The subject of recent elevations on the coast of Chili being, in the opinion of many, still open to discussion, Mr. Darwin gives, in this memoir, the results of his own observations. The portion of the coast, more particularly examined by the author, extends from the river Rapel, about sixty miles south of Valparaiso, to Conchali, about eighty miles north of it.

Close to the mouth of the Rapel, dead barnacles occur adhering to rocks three or four feet above the highest tidal level; and in the neighbouring country recent marine shells are scattered abundantly to the height of about 100 feet. Ten miles to the north, and at an equal distance from the sea, is the village of Bucalemu, in the neighbourhood of which are very extensive beds of recent shells. At the bottom of the great valley of Maypo, and some miles from the coast, marine shells of existing species are also numerous; and at St. An-

* In the following page a part of the fort previously invisible is stated to have become visible; but this apparent discrepancy arises from the observations alluded to by Mr. Caldcleugh1 having been made from the shipping, and those by Mr. Darwin from a point on the land.

1 Alexander Caldcleugh (d. 1858), Scottish businessman, plant collector and author. Caldcleugh 1825.

[page] 447

tonio, near the northern point of that river, are large quarries of shells. Between this point and Valparaiso in the ravine, Quebrada Onda, the remains of a species of shell common on the coast, were noticed by the author. Along the bold granitic coast south of the promontory which forms the bay of Valparaiso, are numerous level and horizontal beds of shells, constituting an almost continuous band, elevated from 60 to 230 feet above the level of the sea. The shells are brittle, but of various kinds, and are all similar and in similar proportional numbers to those on the beach. They are mingled with some earth, though packed closely together, and overlie a partially consolidated breccia of granitic fragments which rests on the solid rock. After a careful examination of these deposits, first by himself, and afterwards with Mr. Alison,1 guarded by a recent inspection of the heaps of shells accumulated by the natives in Tierra del Fuego, Mr. Darwin was convinced that the shelly beds near Valparaiso, were formed when the sea occupied a different level. The following are the principal circumstances which lead to this conviction. The great number of the shells forming extensive, horizontal beds, whereas the heaps in Tierra del Fuego collected by the inhabitants, always retain a conical figure: their position, at the extremities of headlands inaccessible from the sea, and unfit for strongholds, being without fresh water: the large proportional number of extremely small shells: and lastly, their brittle and decayed condition, the state of decomposition having an evident relation to the comparative heights at which the shells were lying.
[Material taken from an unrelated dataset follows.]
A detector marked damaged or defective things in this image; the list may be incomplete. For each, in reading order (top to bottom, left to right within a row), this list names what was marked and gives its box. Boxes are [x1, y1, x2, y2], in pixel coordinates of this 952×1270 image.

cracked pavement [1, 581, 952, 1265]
Comminuted shells were noticed by Mr. Darwin at the heights of 560 and 1300 feet, but the evidence of their having been part of a beach was not convincing.

At San Lorenzo in the bay of Callao, Mr. Darwin traced a similar process of decay from perfect shells in the lowest beds to a mere layer of calcareous powder in the highest. This phenomenon, he adds, can be observed only in countries where rain never falls.
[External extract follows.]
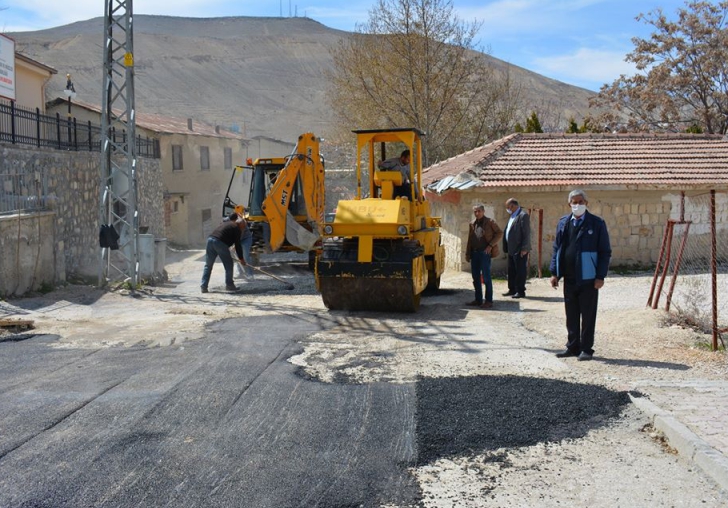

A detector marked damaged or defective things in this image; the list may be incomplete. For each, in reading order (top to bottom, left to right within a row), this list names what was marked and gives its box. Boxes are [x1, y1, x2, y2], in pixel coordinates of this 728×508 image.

fresh asphalt patch [416, 376, 632, 466]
On the north side of the bay of Valparaiso, near the Viña del Mar, is an abundance of elevated shells. Mr. Alison, by climbing a point of rock about fourteen feet above high water, and removing the dung of sea fowls, discovered Balani adhering to the stone.

With respect to the historical evidence of the earthquake of 1822, Mr. Darwin says that he met with no intelligent person who doubted the rise of the land, or with any of the lower order who doubted that the sea had fallen. He mentions also the altered position of the wreck and of the rock in the bay; and from a part of the fort being invisible from a point on the land before the earthquake, but visible afterwards, he infers that the movement of the land was unequal*. A further proof of change, obtained for the author by Mr. Alison, is shown by the remains of a sea-wall built in 1680, and over which, up to 1817, the sea broke during the northerly gales. Mr. John Martin, a ship carpenter of Valparaiso, remembers walking in 1819 on the beach at the foot of this wall, and he has been frequently obliged to climb up to the street to avoid the sea. This wall is now separated from the bay by two rows of houses, but a portion of what

* See note* in the preceding page.

1 Robert Edward Alison, English author and resident of Valparaiso and later managing director of a Chilean mining company who wrote on South American affairs.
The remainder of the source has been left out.